Testing Strategy¶
Overview¶
The phylogenetic sufficient statistics library uses a layered testing architecture with a Python oracle as the single source of truth, verified against JAX, and golden files as the cross-language bridge to WebGPU and Rust/WASM.
Test hierarchy¶
Layer 1: JAX unit tests (57 tests)¶
Located in tests/test_phylo/test_*.py (excluding test_oracle.py).
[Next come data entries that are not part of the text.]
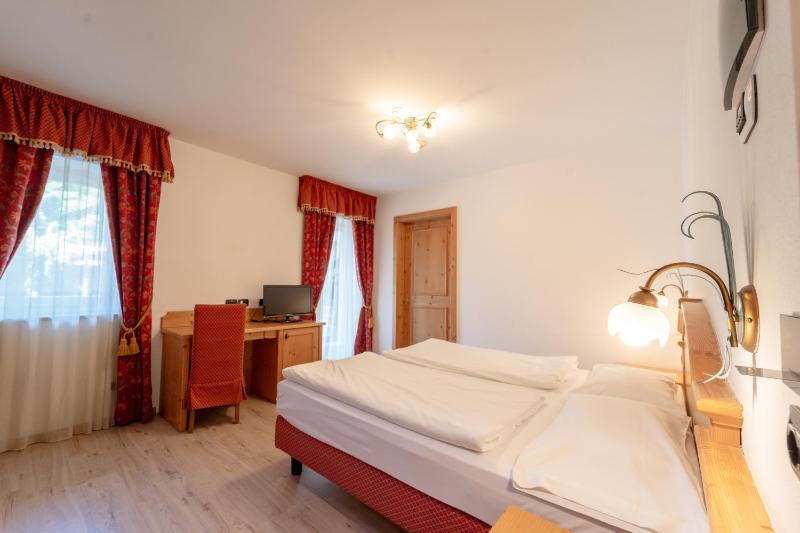 Standard Double or Twin Room with Balcony image 3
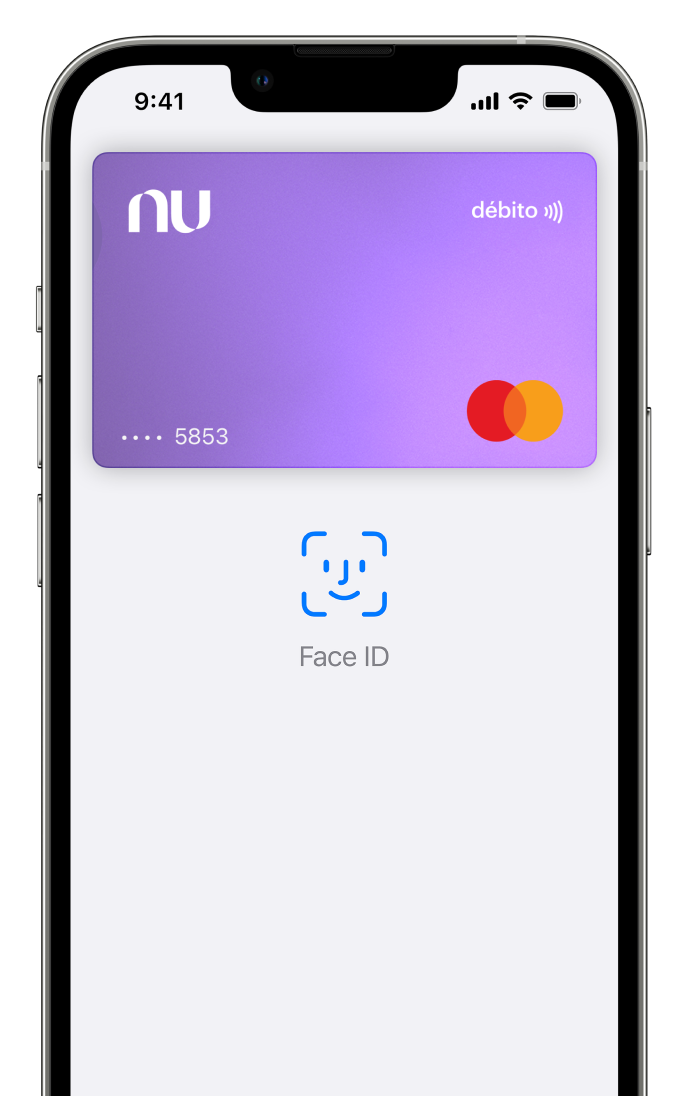 Un celular muestra la app Nu con la tarjeta morada dentro de Apple Pay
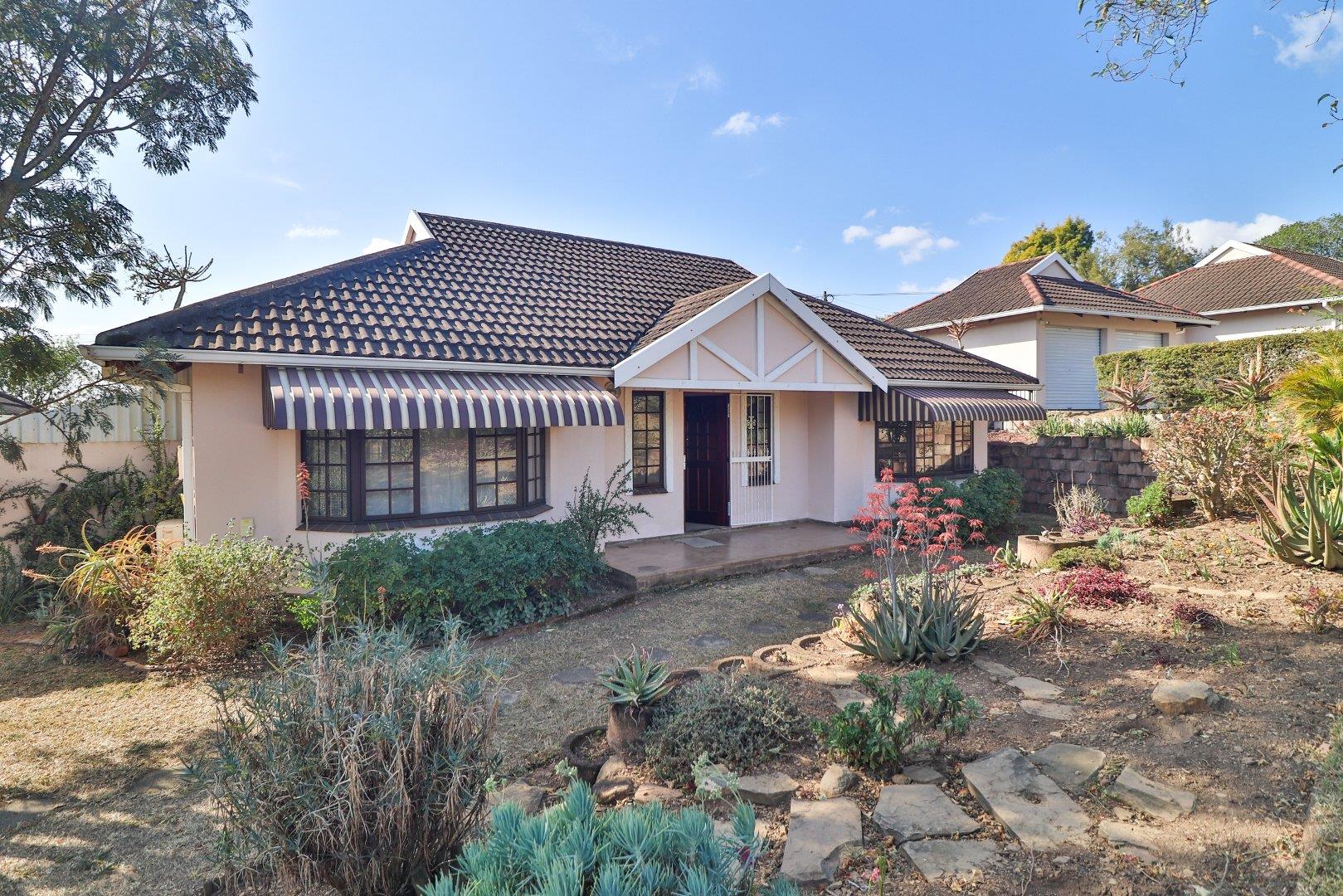 3 Bedroom Townhouse for sale in Hayfields P24114673266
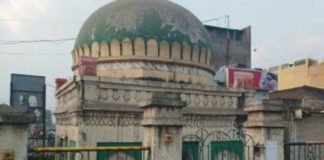 बरसो पुरानी कब्र का किया गया स्थलांतर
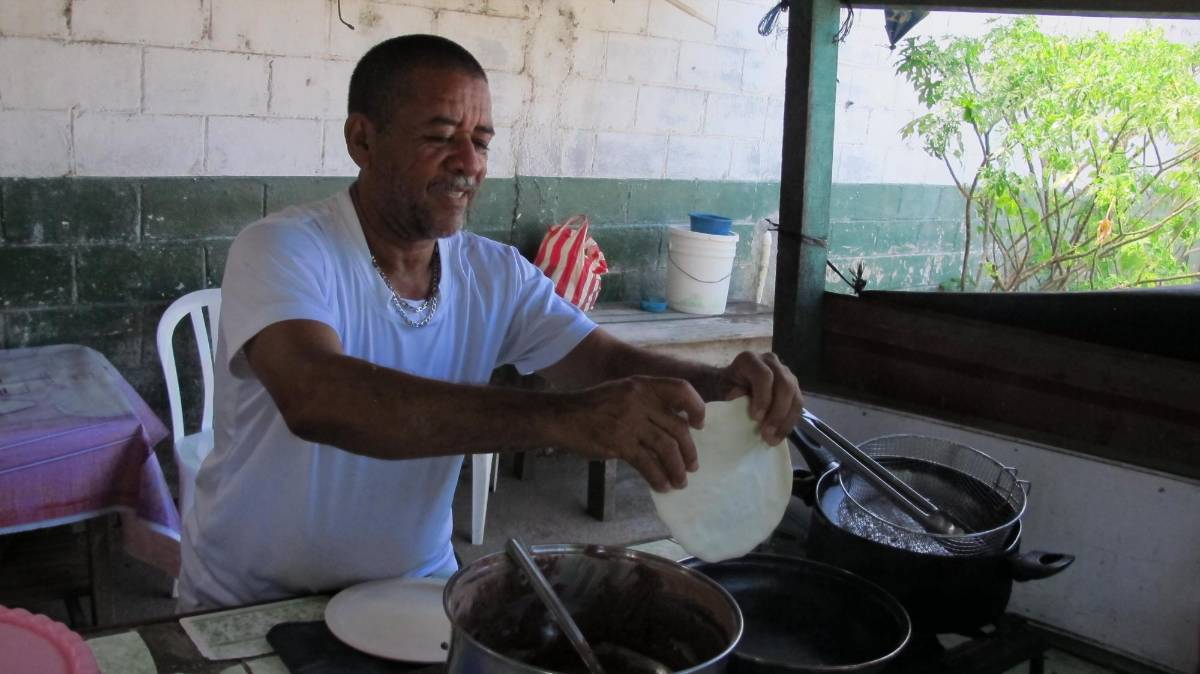 Marco Antonio Rosales desafía los estereotipos del machismo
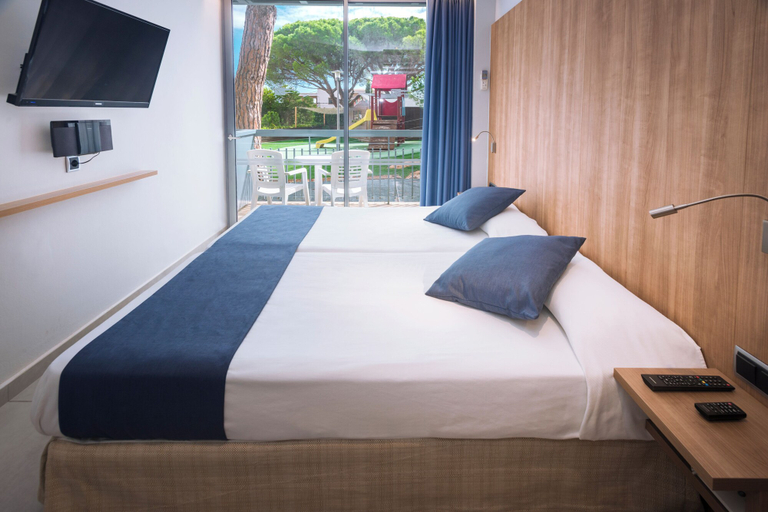 Bedroom 3, Hotel GHT S'Agaró Mar, Girona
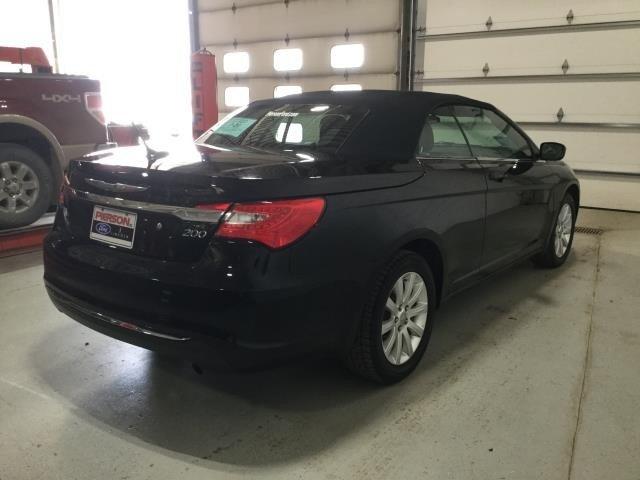used 2011 chrysler 200 touring convertible aberdeen, sd 57401 for sale in aberdeen, south dakota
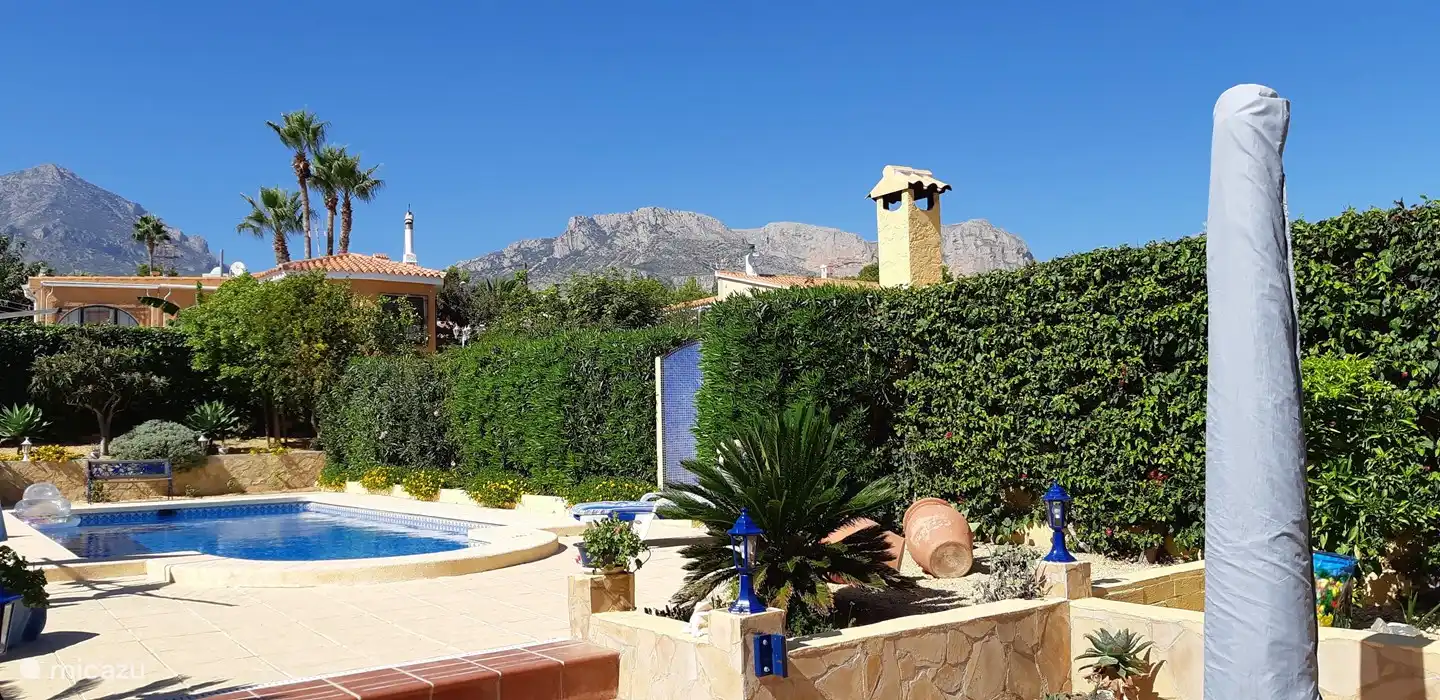 Around the pool, which is well maintained all year round, there are several terraces, 6 sunbeds and umbrellas! Relax among oleanders, bougainvilleas and fruit trees! And mountain view!!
These validate the JAX implementation against: - Known analytical results (HKY85 eigendecomposition roundtrip, substitution matrix row sums) - Brute-force enumeration (3-node tree eigensub vs integral) - Internal consistency (sum-product identity: $\sum_{a,b} D_a M_{ab} U_b = P(x)$) - Shape and non-negativity constraints
Tolerance: Machine precision (atol ≈ 1e-12 for most, 1e-4 for accumulated operations).
Layer 2: Oracle vs JAX (99 tests)¶
Located in tests/test_phylo/test_oracle.py.
Every function in the oracle is compared against the corresponding JAX function on identical inputs:
| Test class | Functions tested | Parametrization |
|---|---|---|
TestTokenToLikelihood |
token_to_likelihood |
A ∈ {4, 64} |
TestChildrenOf |
children_of |
R ∈ {3, 5, 7, 19} |
TestSubMatrices |
compute_sub_matrices |
JC4, F81, HKY85, JC64 |
TestUpwardPass |
upward_pass (U, logNormU, logLike) |
R × models |
TestDownwardPass |
downward_pass (D, logNormD) |
R × models |
TestComputeJ |
compute_J |
All models |
TestEigenbasisProject |
eigenbasis_project (U_tilde, D_tilde) |
R ∈ {5,7} × models |
TestLogLike |
LogLike |
R × all models including JC64 |
TestCounts |
Counts (eigensub + f81_fast) |
R × models + JC64 |
TestRootProb |
RootProb |
R × models |
TestMixturePosterior |
MixturePosterior |
R ∈ {5, 7} |
TestBranchMask |
compute_branch_mask |
R ∈ {3, 5, 7, 19} |
TestModels |
eigenvalues, eigenvectors, gamma | Model-specific |
Tolerance: atol=1e-8 for most, atol=1e-6 for accumulated counts, atol=1e-4 for gamma quantiles.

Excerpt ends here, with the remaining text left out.